I've been curious about this for a while. You appear to be referring to the various Win32 APIs (USER32 / GDI32). I've lately become unsure about whether they are still as low-level as one can get in recent versions of Windows (8.0 and later), or whether these APIs have been silently converted to sit on top of other stuff (such as Direct2D, DirectWrite, etc.). How do the older APIs relate to the newer ones? I'd love it if you could clarify that bit!

stakx on 16 Dec 2018

@stakx, I am referring to USER32 and GDI32.

I'll give you a cursory overview of what I know off the top of my head without spending hours confirming the details. As such, some of this is subject to handwaving and could be mildly incorrect but is probably in the right direction. Consider every statement to be my personal knowledge on how the world works and subject to opinion or error.

For the graphics part of the pipeline (GDI32), the user-mode portions of GDI are pretty far down. The app calls GDI32, some work is done in that DLL on the user-mode side, then a kernel call jumps over to the kernel and drawing occurs.

The portion that you're thinking of regarding "silently converted to sit on top of other stuff" is probably that once we hit the kernel calls, a bunch of the kernel GDI stuff tends to be re-platformed on top of the same stuff as DirectX when it is actually handled by the NVIDIA/AMD/Intel/etc. graphics driver and the GPU at the bottom of the stack. I think this happened with the graphics driver re-architecture that came as a part of WDDM for Windows Vista. There's a document out there somewhere about what calls are still really fast in GDI and which are slower as a result of the re-platforming. Last time I found that document and checked, we were using the fast ones.

On top of GDI, I believe there are things like Common Controls or comctl32.dll which provided folks reusable sets of buttons and elements to make their UIs before we had nicer declarative frameworks. We don't use those in the console really (except in the property sheet off the right click menu).

As for DirectWrite and D2D and D3D and DXGI themselves, they're a separate set of commands and paths that are completely off to the side from GDI at all both in user and kernel mode. They're not really related other than that there's some interoperability provisions between the two. Most of our other UI frameworks tend to be built on top of the DirectX stack though. XAML is for sure. I think WPF is. Not sure about WinForms. And I believe the composition stack and the window manager are using DirectX as well.

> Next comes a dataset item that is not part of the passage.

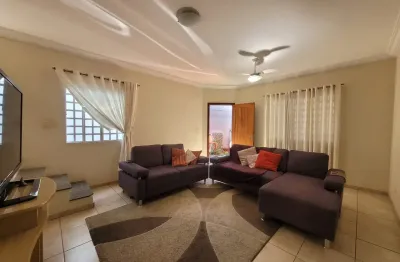Sobrado em excelente localização no jardim alvorada para  locação. 3 dormitórios e churrasqueira.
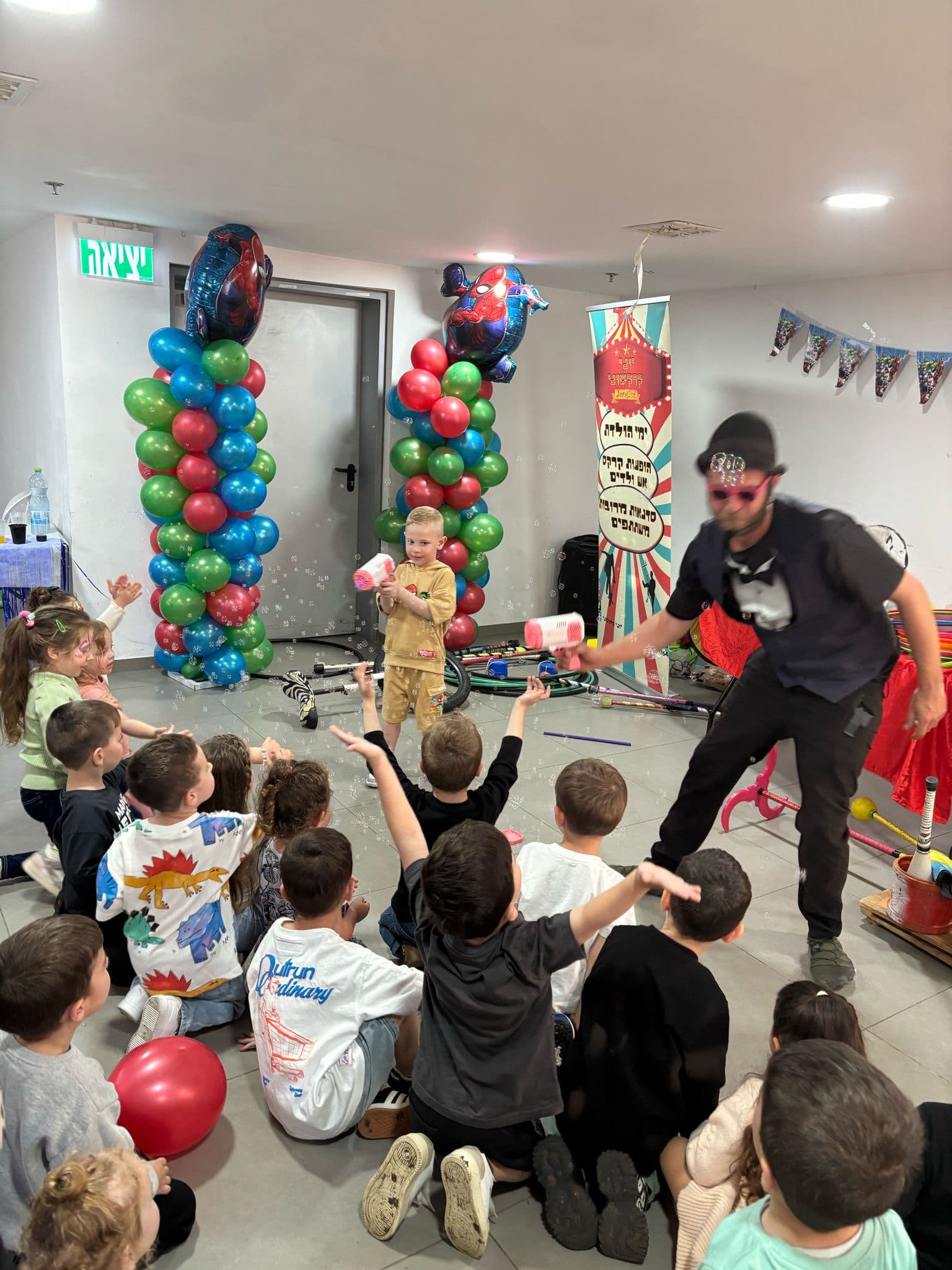 יום הולדת קרקסי עם עמודי בלונים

As for the input/interaction part of the pipeline (USER32), I tend to find most other newer things (at least for desktop PCs) are built on top of what is already there. USER32's major concept is windows and window handles and everything is sent to a window handle. As long as you're on a desktop machine (or a laptop or whatever... I mean a classic-style Windows-powered machine), there's a window handle involved and messages floating around and that means we're talking USER32.

The window message queue is just a straight up FIFO (more or less) of whatever input has occurred relevant to that window while it's in the foreground + whatever has been sent to the window by other components in the system.

The newer technologies and the frameworks like XAML and WPF and WinForms tend to receive the messages from the window message queue one way or another and process them and turn them into event callbacks to various objects that they've provisioned within their world.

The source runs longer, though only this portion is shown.